**AIM OF THE EXERCISE:** An exact copy of all the data below is needed, without its pictures.

**RAW DATA:**
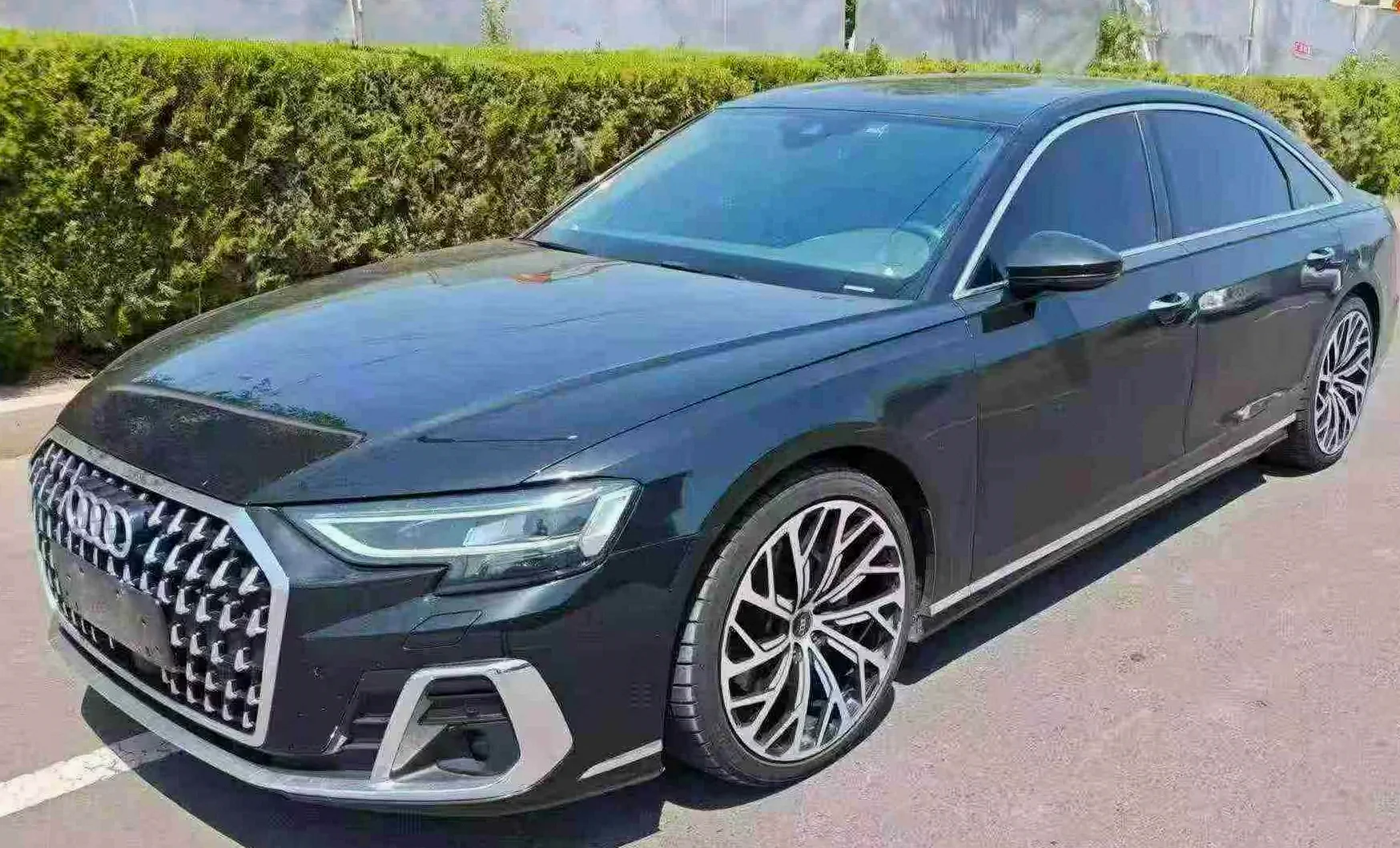 奥迪A8L 正面外观三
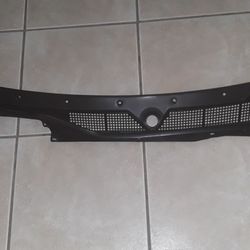 Windshield Wiper Grill 97,98 Honda Civic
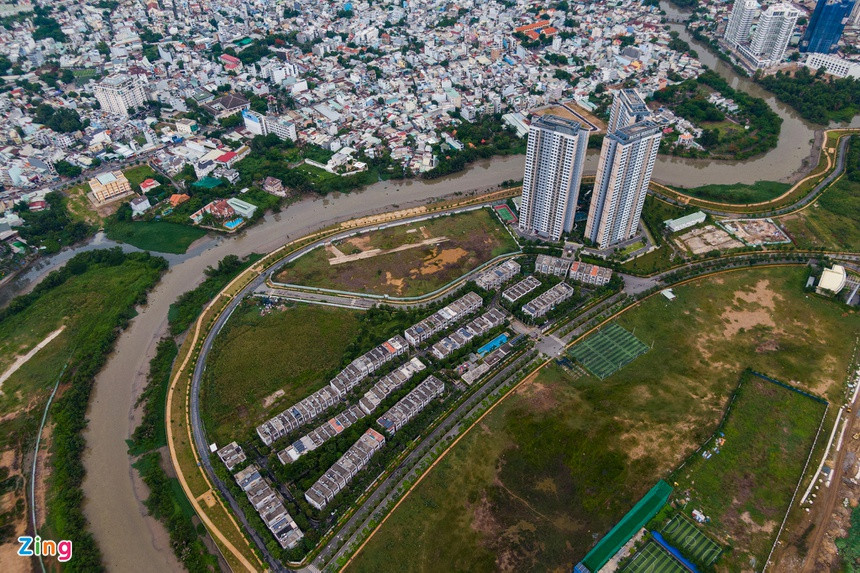 Trong năm 2018, chủ đầu tư Keppel Land dự kiến phát triển phân khu căn hộ Palm Garden với quy mô 1,9 ha với 641 căn hộ cao cấp nằm liền kề với phân khu Palm Heights hiện hữu. Tuy nhiên, sau 2 năm nhận tiền đặt cọc của khách hàng, vào ngày 26/5 vừa qua, chủ đầu tư này đã phải đơn phương hủy hợp đồng đặt cọc và trả tiền lại cho khách hàng.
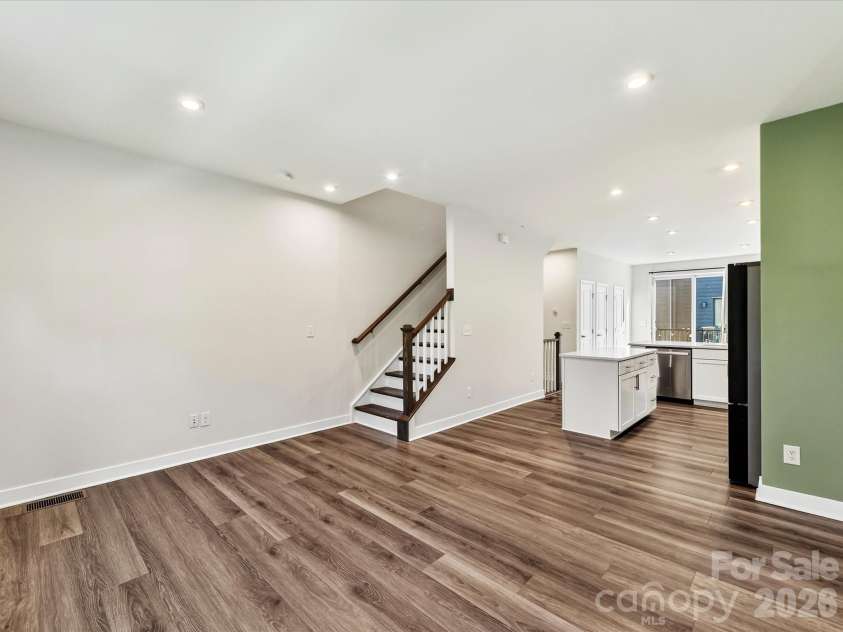 324 Yorkshire Drive, Charlotte, NC 28217.  MLS# CAR4416502, YatesRealty ID 45573.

**RESPONSE BOX:**
 奥迪A8L 正面外观三
 Windshield Wiper Grill 97,98 Honda Civic
 Trong năm 2018, chủ đầu tư Keppel Land dự kiến phát triển phân khu căn hộ Palm Garden với quy mô 1,9 ha với 641 căn hộ cao cấp nằm liền kề với phân khu Palm Heights hiện hữu. Tuy nhiên, sau 2 năm nhận tiền đặt cọc của khách hàng, vào ngày 26/5 vừa qua, chủ đầu tư này đã phải đơn phương hủy hợp đồng đặt cọc và trả tiền lại cho khách hàng.
 324 Yorkshire Drive, Charlotte, NC 28217.  MLS# CAR4416502, YatesRealty ID 45573.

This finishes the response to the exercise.